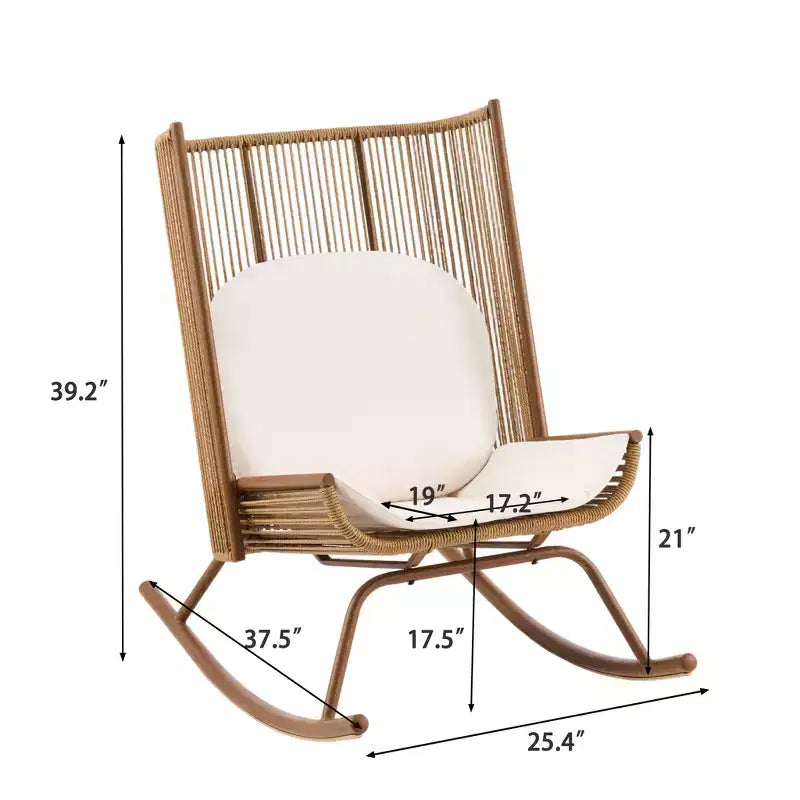 Christopher Knight Home Yann Ensemble de mobilier de jardin moderne en métal avec fauteuil à bascule et plateau de table en céramique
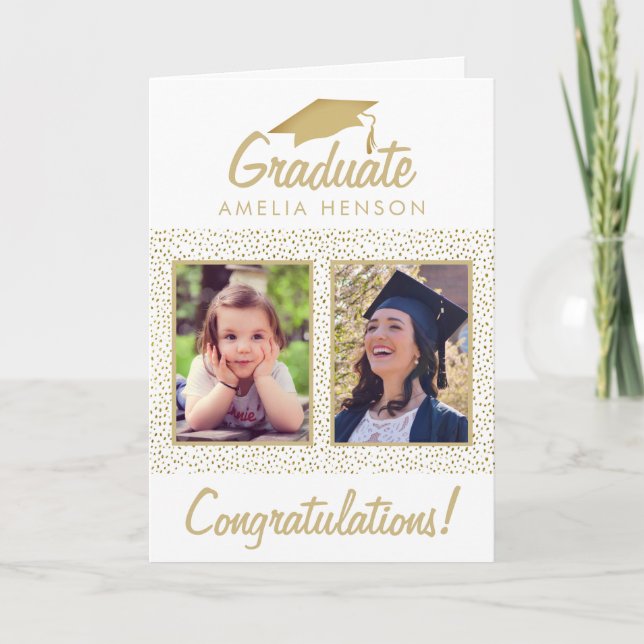 Gold Glitter Congratulations Graduate 2 Photo Card (Front)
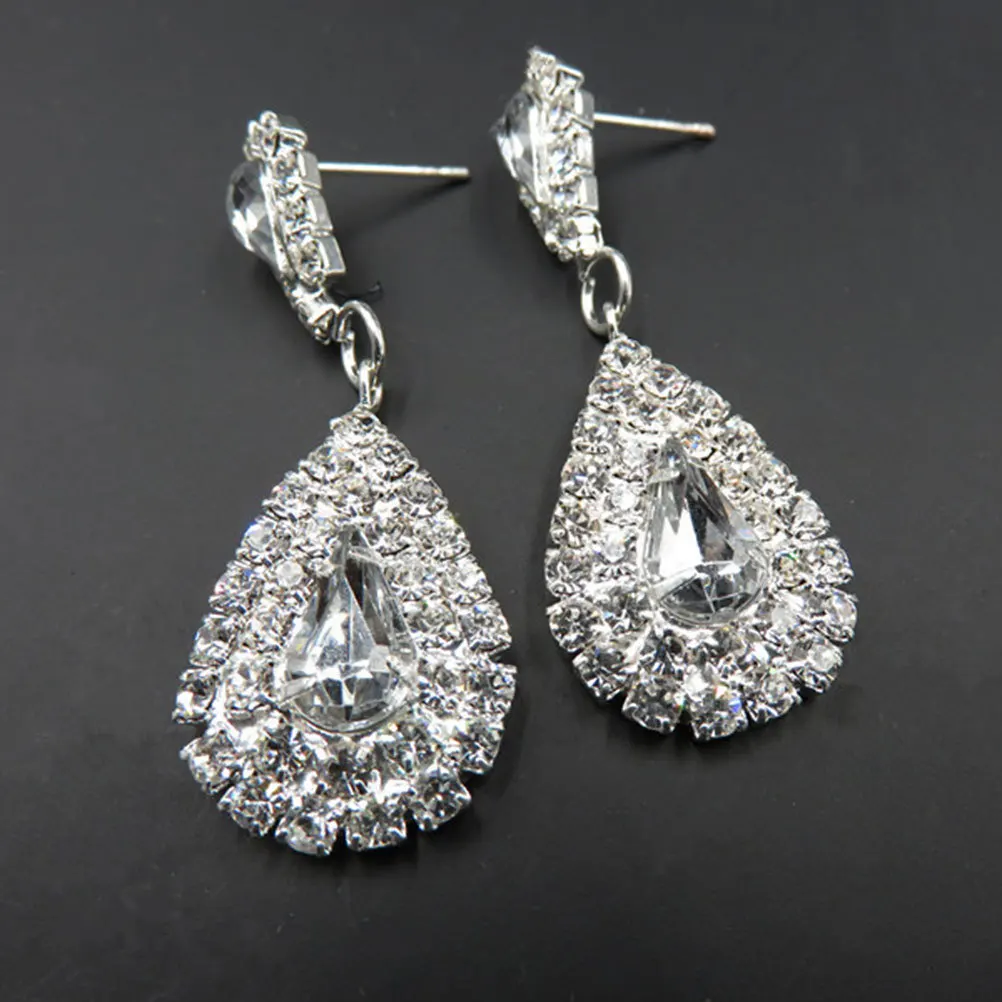 

1pc Necklace Earring Set Bridal Wedding Jewelry Accessories Crystal Pendant Lightweight Elegant Design Party Prom Soiree Water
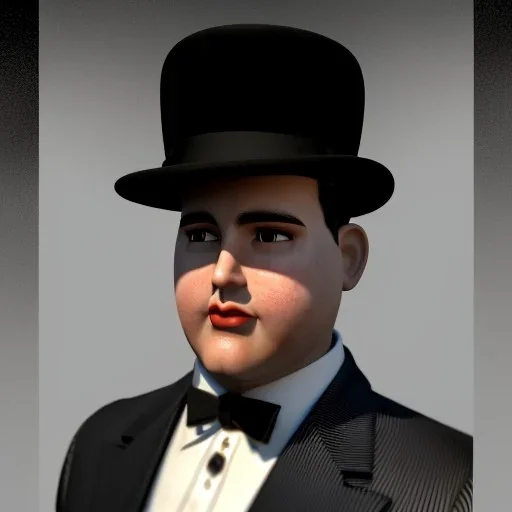 A half body portrait of a 1930s Italian-American businessman in his late 20s with a black bowler hat and a suit. He is obese and has black hair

• [Prompt] Every line of the data above should be quoted exactly. Omit the pictures.

• [The completed task]
 Christopher Knight Home Yann Ensemble de mobilier de jardin moderne en métal avec fauteuil à bascule et plateau de table en céramique
 Gold Glitter Congratulations Graduate 2 Photo Card (Front)

1pc Necklace Earring Set Bridal Wedding Jewelry Accessories Crystal Pendant Lightweight Elegant Design Party Prom Soiree Water
 A half body portrait of a 1930s Italian-American businessman in his late 20s with a black bowler hat and a suit. He is obese and has black hair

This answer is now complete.